Daphne Koller, associate professor of computer science, was honored with the 2003 Allan V. Cox Medal Saturday by James Plummer, dean of the School of Engineering, at a ceremony in Kresge Auditorium.
The medal is awarded annually to a faculty member who has established a record of excellence directing undergraduate research over a number of years. It may also go to a faculty member who has done an especially outstanding job with just one or two undergraduates whose work is unusually superior.
The citation for Koller's award said she had transformed the culture of the Department of Computer Science through the creation of the Computer Science Undergraduate Research program, "which inspires undergraduates to conduct research [and] publicly present their results, and interests them in academic careers." It also said Koller had made it "her mission to evangelize the participation of faculty and undergraduates in the research environment to their mutual benefit."
The citation also noted Koller's personal commitment to her students and her creation of "an environment beneficial for women in computer science, so that they don't feel marginalized by the relatively few women who major in this discipline."
At the same ceremony, one of Koller's advisees, Ben Blum, received a Firestone Medal for his honors thesis on "A Continuation Method for Nash Equilibria in Structured Games."
The Cox award was established in memory of Allan Cox; the late professor of geophysics and dean of the School of Earth Sciences is widely known as the co-discoverer of magnetic field reversals.
Laura Selznick, associate director for student services in the Undergraduate Research Programs office, noted that "in the late 1970s and early 1980s, it was Cox, more than any other Stanford faculty member, who extolled the virtue of research programs such as that pioneered at MIT. He encouraged professors to adopt the same goals and provide similar opportunities to undergraduates here. His energy led to increased funding and support for faculty-student collaboration in research."

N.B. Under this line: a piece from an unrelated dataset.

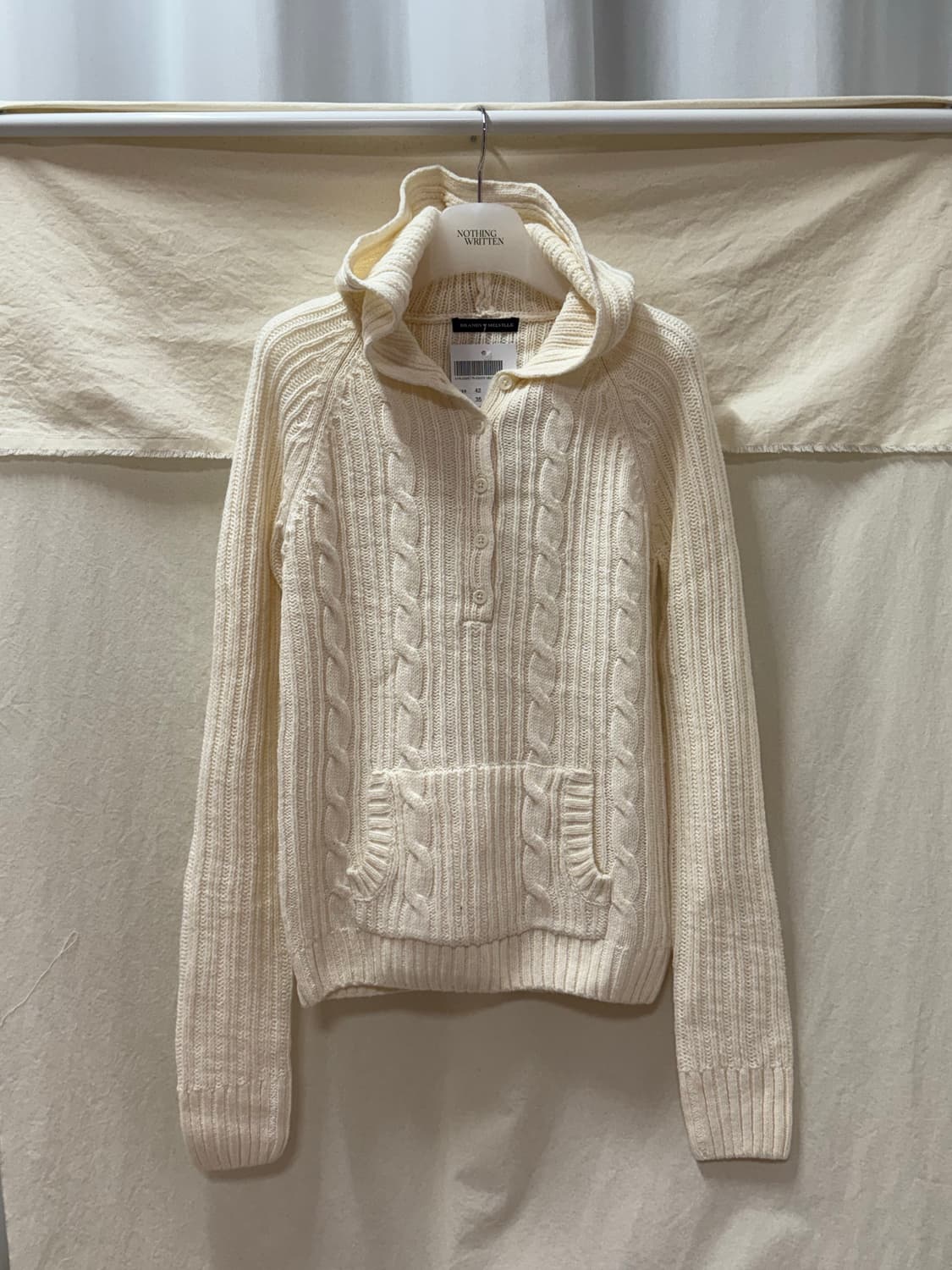 브랜디멜빌 니트 후드티 상품이미지1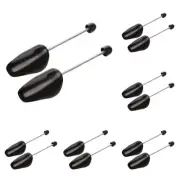 6 Pairs Plastic Shoe Tree Stretcher Shaper for Men (Black)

Koller, who has received numerous other awards, focuses her research on complex domains that involve large amounts of uncertainty. Her work builds on the framework of probability theory, decision theory and game theory, but uses techniques from artificial intelligence and computer science to allow the application of this framework to complex real-world problems. Most of Koller's work is based on the use of probabilistic graphical models such as Bayesian networks, influence diagrams and Markov decision processes.